Am 15. Dezember wird das AKW Leibstadt 40 Jahre alt. Am 5. Dezember fand aus diesem Anlass vor dem Bundeshaus eine Kundgebung statt. Dazu aufgerufen hatten die Ärztinnen und Ärzte von PSR/IPPNW Schweiz (siehe Kasten). Ihre Kolleg:innen der deutschen IPPNW richteten sich an einer gleichzeitig stattfindenden Kundgebung in Stuttgart an die verantwortlichen Behörden in den Umweltministerien von Baden-Württemberg und in Berlin.
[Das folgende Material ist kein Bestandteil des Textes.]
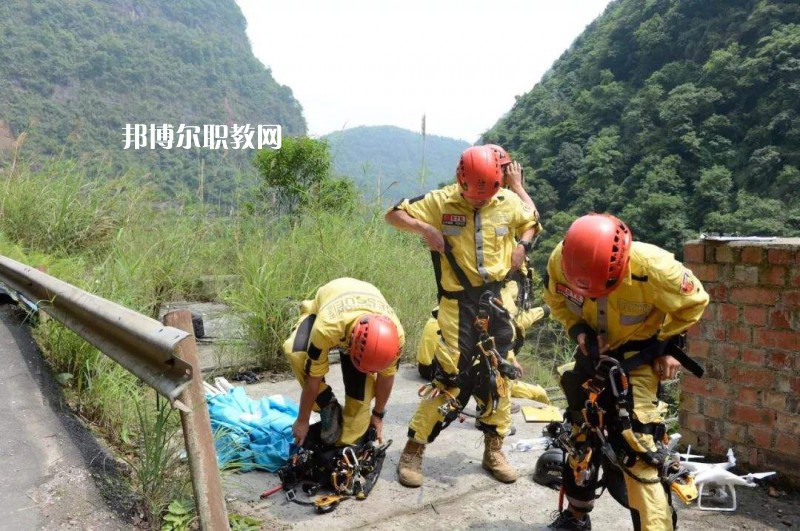 四川2021年初中生能考消防技術(shù)工程學校嗎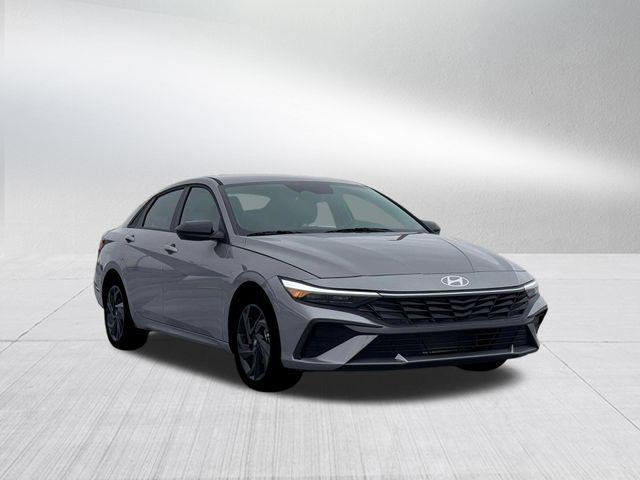 Hyundai Elantra  2026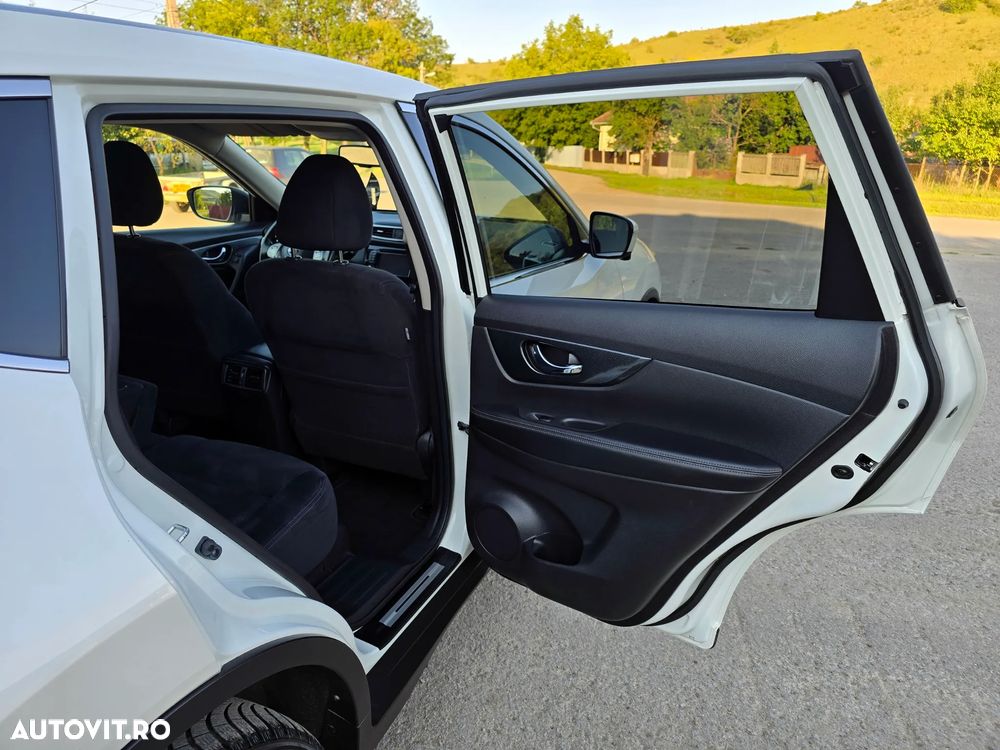 Nissan X-Trail 1.6 dCi ALL-MODE 4x4i Acenta - 32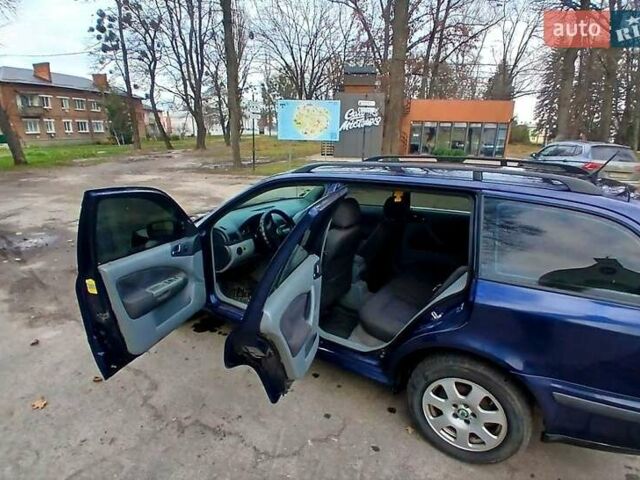 Синий Шкода Октавия, объемом двигателя 1.6 л и пробегом 209 тыс. км за 3850 $, фото 3 на Automoto.ua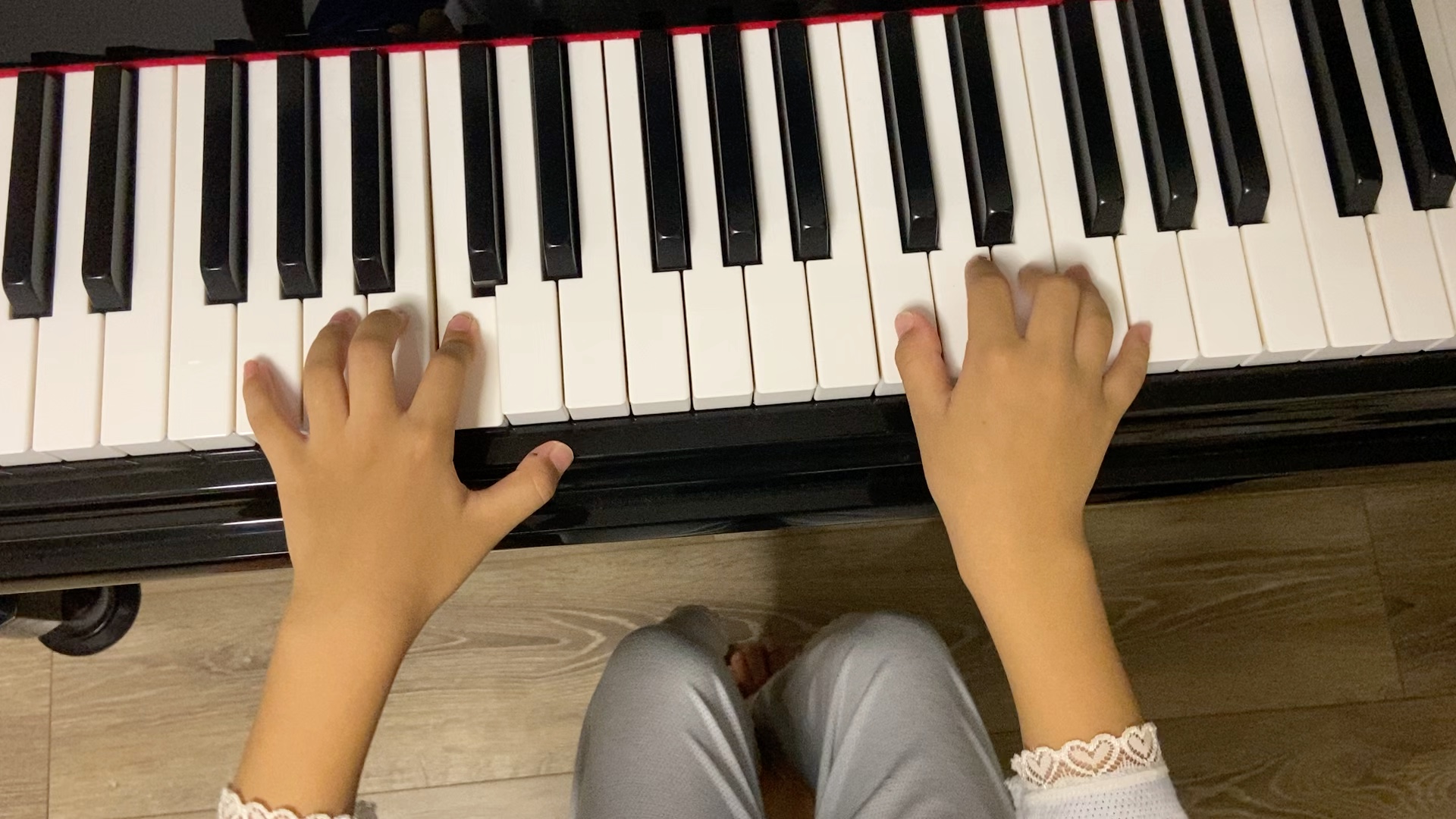 钢琴日常练习:大汤一 雪橇『20220911』_哔哩哔哩_bilibili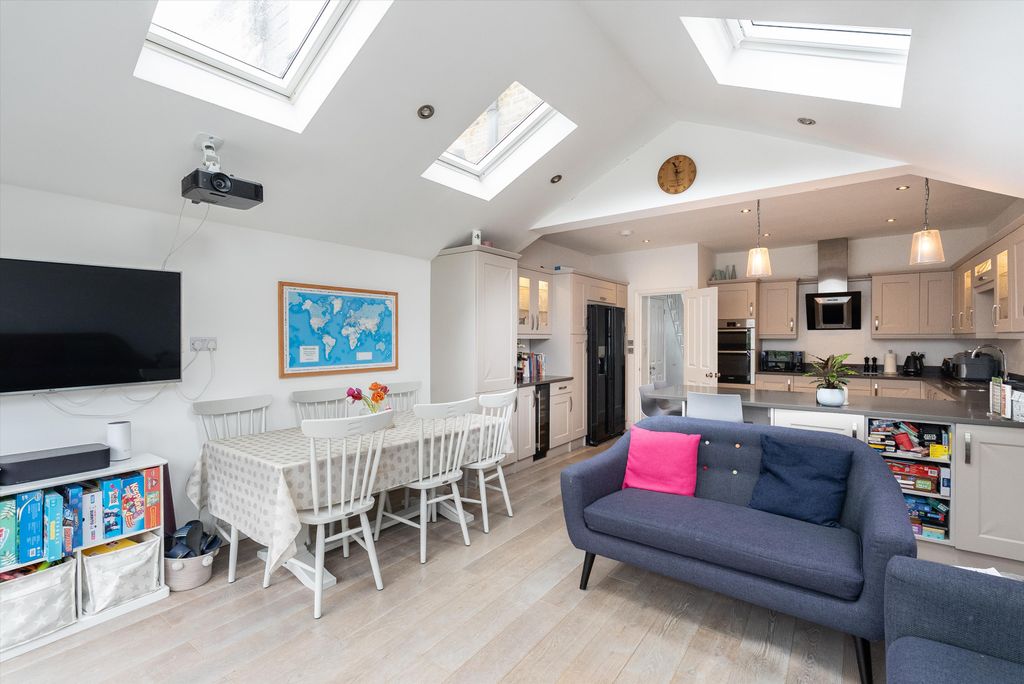 Property photo 2 of 21 Image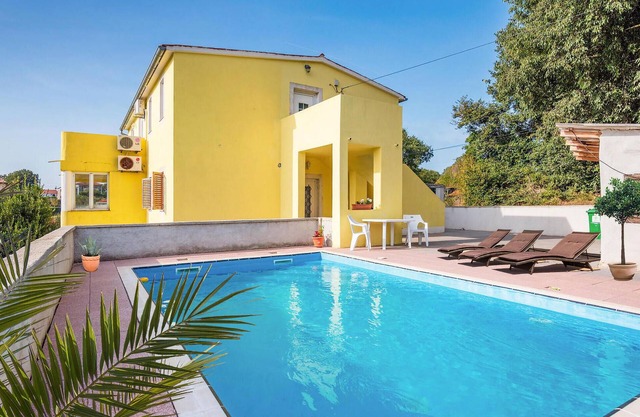Holiday Marcana Persons Bedrooms 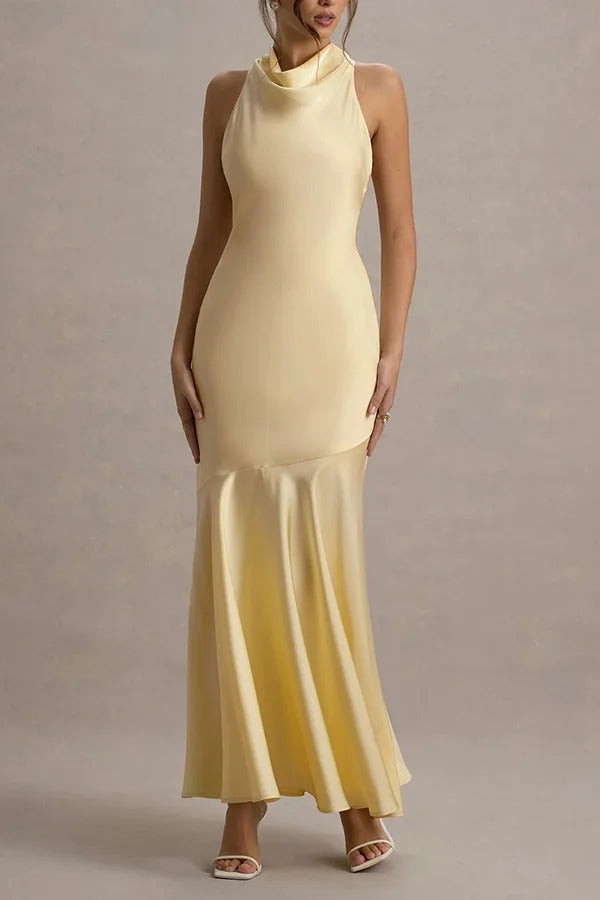 Zeitlose Eleganz – Neckholder-Maxikleid aus Satin mit Wasserfallausschnitt und Bindeband auf der Rückseite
In seiner Ansprache in Bern führte Dr. med. Claudio Knüsli, Vorstandsmitglied PSR/IPPNW Schweiz, gemäss auf der Website veröffentlichtem Manuskript aus, dass das AKW Leibstadt «für die Betriebszeit von 40 Jahren ausgelegt» gewesen sei. «Trotzdem plant man nun, das AKW über den 15. Dezember 2024 hinaus laufen zu lassen – für mehrere zusätzliche Jahrzehnte.» Jede Energieform berge ihre eigenen Risiken, fügte er an, «das Risiko der Atomenergie ist aus ärztlicher Sicht jedoch unverantwortlich hoch». Die 500 Ärztinnen und Ärzte sowie über 250 weitere Unterstützer:innen aus dem Gesundheitssektor aus der Schweiz und Deutschland, welche die Schweizer Sektion von IPPNW vertritt, verlangten in einem Offenen Brief vom Parlament und vom Energieminister Bundesrat Albert Rösti eine Umweltverträglichkeitsprüfung für das AKW Leibstadt.
Höhere nukleare Risiken
Die nuklearen Risiken seien heute höher als bei Baubeginn des AKW Mitte der 1970er-Jahre, führte Claudio Knüsli weiter aus: «Wurde das AKW damals mit blindem Zukunftsglauben noch auf der grünen Wiese gebaut, so sind heute die enormen Gefahren der Atomenergie nicht mehr zu übersehen.» Seit Baubeginn in Leibstadt habe unter anderem die Einwohnerdichte allein im Kanton Aargau um 70 Prozent zugenommen. Damit sei auch «die Zahl der Strahlenexponierten sowohl im AKW-Normalbetrieb wie bei potenziellen Unfällen» gestiegen. Tschernobyl und Fukushima hätten uns die gravierenden gesundheitlichen und wirtschaftlichen Konsequenzen schwerer AKW-Unfälle vor Augen geführt: «AKW-Unfälle werden heute wegen Alterung der Nuklearanlagen, internationalen Konflikten, Terrorgefahr sowie angesichts der Überflutungsrisiken infolge des Klimawandels immer wahrscheinlicher.»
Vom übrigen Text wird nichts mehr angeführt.